Mongodb Hive Handler - Mongo URI with collection name and replication set not working

390 views
Skip to first unread message

Rohit Garg

unread,
Aug 24, 2015, 4:41:10 PM8/24/15
to mongodb-user

 I am using hive-mongo handler. https://github.com/mongodb/mongo-hadoop/wiki/Hive-Usage

Using a table like following to dump data from hive to mongo

 CREATE EXTERNAL TABLE IF NOT EXISTS t1 (
            col1 string,
            col2 string,

    ) STORED BY "com.mongodb.hadoop.hive.MongoStorageHandler"
    TBLPROPERTIES ( "mongo.uri" = "mongodb://{MONGO_USERNAME}:{MONGO_PASSWORD}@{MONGO_HOST}/{MONGO_DBNAME}.{COL1}");

This works fine. But now, I have multiple servers and replica set. I am not able to create a mongo URI with replica set and table name both in it.

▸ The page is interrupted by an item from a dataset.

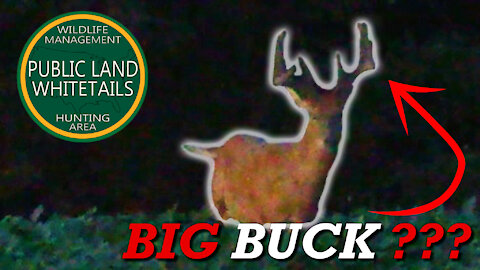 Chasing Public Land Giants | Velvet Buck Footage | Bucks In Fields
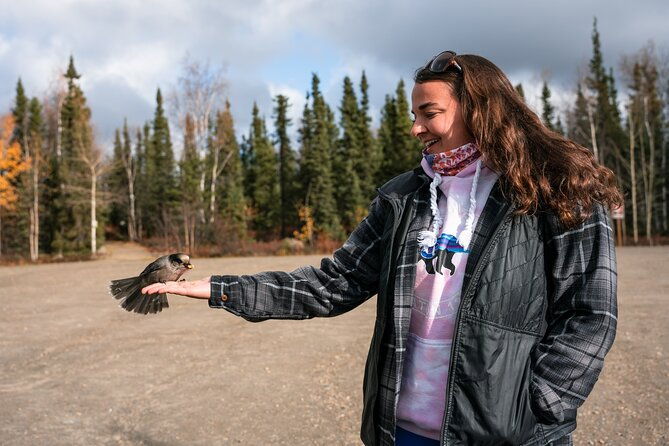 8-12-hour-private-arctic-circle-experience-in-alaska-with-lunch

Can someone please help :

Here is the new mongo URI I tried which doesn't work :

 TBLPROPERTIES ("mongo.uri" = "mongodb://{MONGO_USERNAME}:{MONGO_PASSWORD}@hostname1,hostname2,hostname3/{MONGO_DBNAME}.{COL1}?replicaSet=test_setName");

Can someone please tell me whats wrong with it or how to fix it?

Luke Lovett

unread,
Aug 25, 2015, 1:13:21 PM8/25/15
to mongodb-user
Hey RG,

Can you describe in more detail what's not working about your "CREATE TABLE" statement? Are there any Exceptions printed to the Hive logs when you issue the statement? What version of the Hadoop connector are you using?

Thanks,
Luke

RG

unread,
Aug 25, 2015, 3:23:17 PM8/25/15
to mongodb-user
Hi Luke,

Thanks for the reply.

Earlier I was using mongo-hadoop-hive-1.3.2.jar,mongo-hadoop-core-1.3.2.jar,mongo-java-driver-3.0.2.jar.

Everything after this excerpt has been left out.